Como já falado, a linha de pensamento dialética levada à frente por Mazzeo através da ontologia marxista de particularidade e universalidade (herdada do pensamento lukacsiano) para pensar a formação do Brasil e o debate com as demais concepções (seja de feudalismo ou de escravismo colonial) é presente no texto todo. De forma correta, é impossível pensar qualquer formação social sem enxergar como ela se insere na totalidade do modo de produção, ainda mais em um contexto em que a universalização do capitalismo se dava a passos largos.

A desagregação do modo de produção feudal, articulado ao desenvolvimento do mercantilismo e aos Estados nacionais europeus, é a chave inicial para o achado do Mundo Novo, e consequentemente a sua colonização e inserção no novo modo de produção nascente, subordinando tudo a si e seu modelo:

“Esse é processo que descreve a biografia moderna do capital, no qual se insere, então, o acelerado processo de subsunção das formas de trabalho existentes ao capital.” [2]

Da mesma forma analisa Trotski, em seu clássico A História da Revolução Russa, ao buscar compreender as particularidades de sua formação social russa, desenvolve sobre a universalidade desta relação com a lei do desenvolvimento desigual e combinado:

“As leis da História nada têm em comum com os sistemas pedantescos. A desigualdade do ritmo, que é a lei mais geral do processus histórico, evidencia-se com maior vigor e complexidade nos destinos dos países atrasados. Sob o chicote das necessidades externas, a vida retardatária vê-se na contingência de avançar aos saltos. Desta lei universal da desigualdade dos ritmos decorre outra lei que, por falta de denominação apropriada, chamaremos de lei do desenvolvimento combinado, que significa aproximação das diversas etapas, combinação das fases diferenciadas, amálgama das formas arcaicas com as mais modernas. Sem esta lei, tomada, bem entendido, em todo o seu conjunto material, é impossível compreender a história da Rússia, como, em geral, a de todos os países chamados à civilização em segunda, terceira ou décima linha.” [3]
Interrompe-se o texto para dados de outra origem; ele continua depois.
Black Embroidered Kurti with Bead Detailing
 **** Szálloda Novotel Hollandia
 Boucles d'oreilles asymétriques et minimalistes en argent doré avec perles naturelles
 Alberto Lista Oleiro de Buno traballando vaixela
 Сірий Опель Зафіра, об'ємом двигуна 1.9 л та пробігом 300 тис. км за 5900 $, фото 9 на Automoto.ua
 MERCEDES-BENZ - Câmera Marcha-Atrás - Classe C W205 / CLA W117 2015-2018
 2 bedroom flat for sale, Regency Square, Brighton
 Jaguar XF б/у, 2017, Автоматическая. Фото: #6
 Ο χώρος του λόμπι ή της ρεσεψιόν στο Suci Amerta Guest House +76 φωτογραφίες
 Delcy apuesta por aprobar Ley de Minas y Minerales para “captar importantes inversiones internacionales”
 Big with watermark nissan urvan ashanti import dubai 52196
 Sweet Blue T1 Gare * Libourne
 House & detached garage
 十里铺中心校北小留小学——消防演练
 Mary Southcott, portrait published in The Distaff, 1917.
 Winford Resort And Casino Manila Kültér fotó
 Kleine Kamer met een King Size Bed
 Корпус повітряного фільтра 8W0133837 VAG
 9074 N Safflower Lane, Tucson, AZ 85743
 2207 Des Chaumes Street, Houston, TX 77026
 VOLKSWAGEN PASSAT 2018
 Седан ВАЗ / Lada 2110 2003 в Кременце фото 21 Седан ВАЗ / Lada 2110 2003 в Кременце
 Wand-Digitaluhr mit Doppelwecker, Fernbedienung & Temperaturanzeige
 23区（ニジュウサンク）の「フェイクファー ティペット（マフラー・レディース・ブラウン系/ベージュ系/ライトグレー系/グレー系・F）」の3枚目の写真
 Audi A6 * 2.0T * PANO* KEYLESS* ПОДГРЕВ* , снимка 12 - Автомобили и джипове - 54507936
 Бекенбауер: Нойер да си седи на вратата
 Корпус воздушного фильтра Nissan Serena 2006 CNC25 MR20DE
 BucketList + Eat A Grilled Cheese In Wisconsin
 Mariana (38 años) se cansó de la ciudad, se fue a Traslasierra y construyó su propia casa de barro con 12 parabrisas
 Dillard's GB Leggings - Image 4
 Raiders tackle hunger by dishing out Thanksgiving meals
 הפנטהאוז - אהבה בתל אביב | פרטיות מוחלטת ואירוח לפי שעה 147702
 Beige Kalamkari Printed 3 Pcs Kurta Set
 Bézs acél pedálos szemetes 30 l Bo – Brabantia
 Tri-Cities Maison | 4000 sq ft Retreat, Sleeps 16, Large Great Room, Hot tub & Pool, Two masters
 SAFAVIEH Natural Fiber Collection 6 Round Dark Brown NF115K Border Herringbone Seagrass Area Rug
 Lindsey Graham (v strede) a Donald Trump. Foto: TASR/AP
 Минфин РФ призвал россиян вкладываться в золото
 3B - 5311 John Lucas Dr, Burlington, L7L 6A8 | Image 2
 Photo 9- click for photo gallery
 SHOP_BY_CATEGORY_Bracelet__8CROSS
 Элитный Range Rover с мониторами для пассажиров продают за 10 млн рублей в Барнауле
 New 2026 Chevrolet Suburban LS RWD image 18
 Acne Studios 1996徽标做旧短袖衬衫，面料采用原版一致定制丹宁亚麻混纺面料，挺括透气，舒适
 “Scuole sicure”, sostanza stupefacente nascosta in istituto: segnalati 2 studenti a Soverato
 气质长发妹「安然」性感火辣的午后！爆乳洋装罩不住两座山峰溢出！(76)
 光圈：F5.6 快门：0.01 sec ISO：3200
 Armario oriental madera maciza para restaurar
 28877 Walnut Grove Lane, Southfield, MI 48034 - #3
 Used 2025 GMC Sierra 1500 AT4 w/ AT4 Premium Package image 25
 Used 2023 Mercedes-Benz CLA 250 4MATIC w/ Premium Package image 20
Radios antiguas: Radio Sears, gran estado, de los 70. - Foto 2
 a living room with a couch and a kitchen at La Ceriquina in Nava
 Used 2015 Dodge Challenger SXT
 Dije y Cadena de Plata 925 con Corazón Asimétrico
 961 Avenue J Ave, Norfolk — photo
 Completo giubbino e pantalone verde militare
Este debate é central para as conclusões sobre a formação social brasileira, uma vez que, com ela, se compreende não só a sua sociedade, mas como ela está inserida no sistema internacional e, como veremos mais à frente, submissa ao imperialismo. Da mesma forma, compreendendo esta dialética, se aponta as contradições estruturais dos adeptos da mecânica e reducionista “teoria consagrada” do “Brasil feudal” e da “revolução por etapas” de Octávio Brandão e do então núcleo dirigente do PCB, herdada da burocracia do Kremlin.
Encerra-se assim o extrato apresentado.